What the task requires: Give back the data below word for word. Any image in it should be left out.

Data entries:
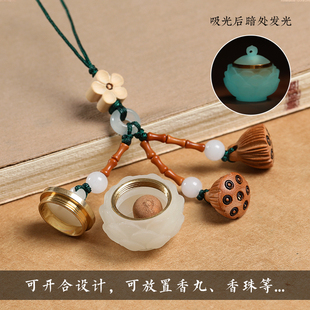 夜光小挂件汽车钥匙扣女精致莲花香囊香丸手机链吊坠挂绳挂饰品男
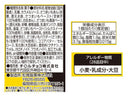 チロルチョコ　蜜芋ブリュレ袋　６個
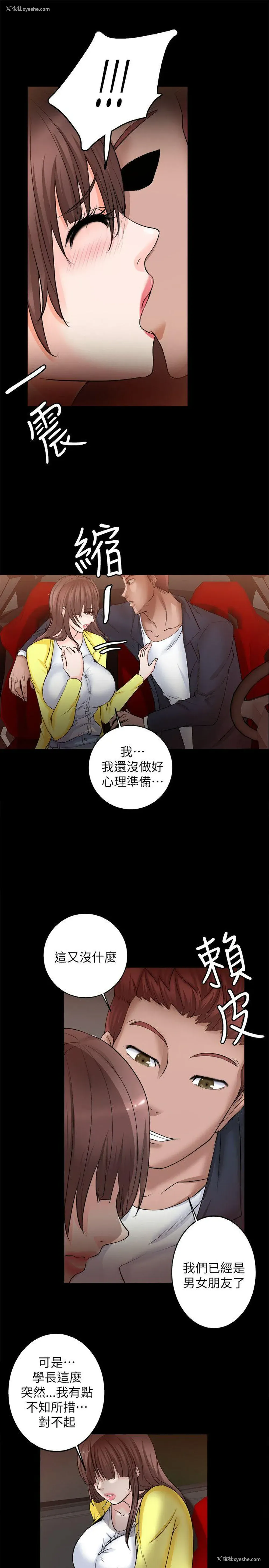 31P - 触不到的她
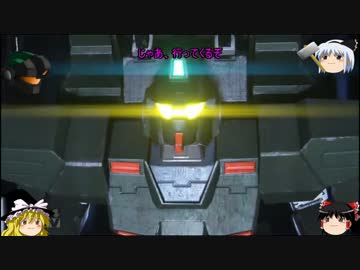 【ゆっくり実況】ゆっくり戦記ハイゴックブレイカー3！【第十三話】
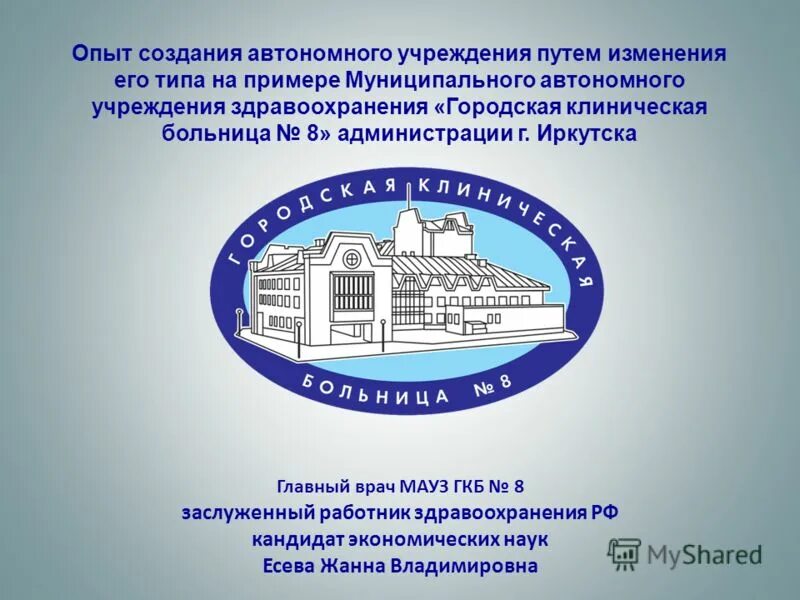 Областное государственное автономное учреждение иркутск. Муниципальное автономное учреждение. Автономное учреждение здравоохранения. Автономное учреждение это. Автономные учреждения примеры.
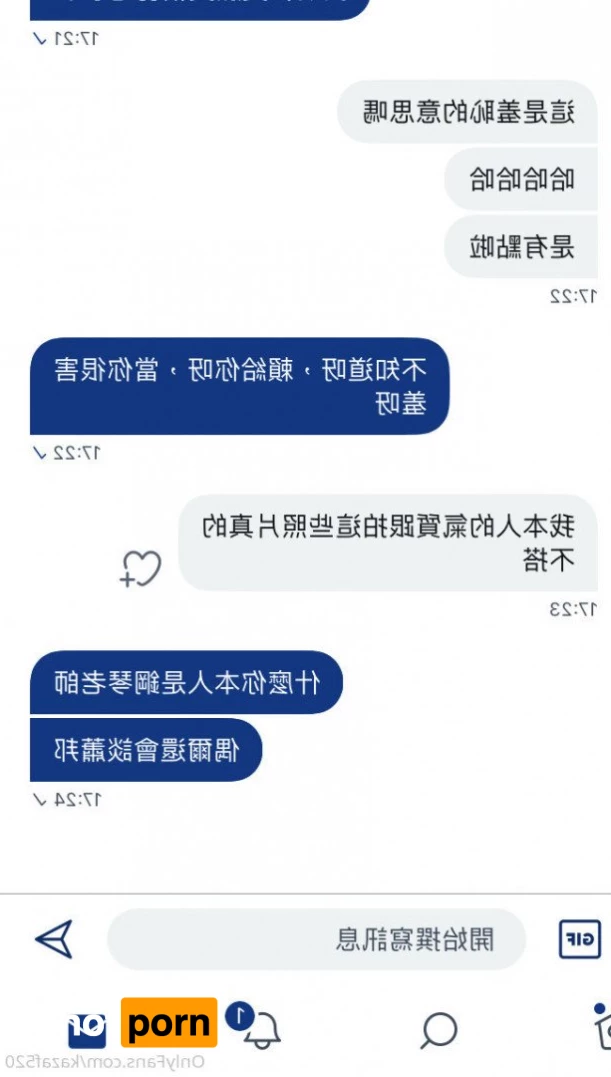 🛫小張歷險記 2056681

Answer to the problem:
 夜光小挂件汽车钥匙扣女精致莲花香囊香丸手机链吊坠挂绳挂饰品男
 チロルチョコ　蜜芋ブリュレ袋　６個
 31P - 触不到的她
 【ゆっくり実況】ゆっくり戦記ハイゴックブレイカー3！【第十三話】
 Областное государственное автономное учреждение иркутск. Муниципальное автономное учреждение. Автономное учреждение здравоохранения. Автономное учреждение это. Автономные учреждения примеры.
 🛫小張歷險記 2056681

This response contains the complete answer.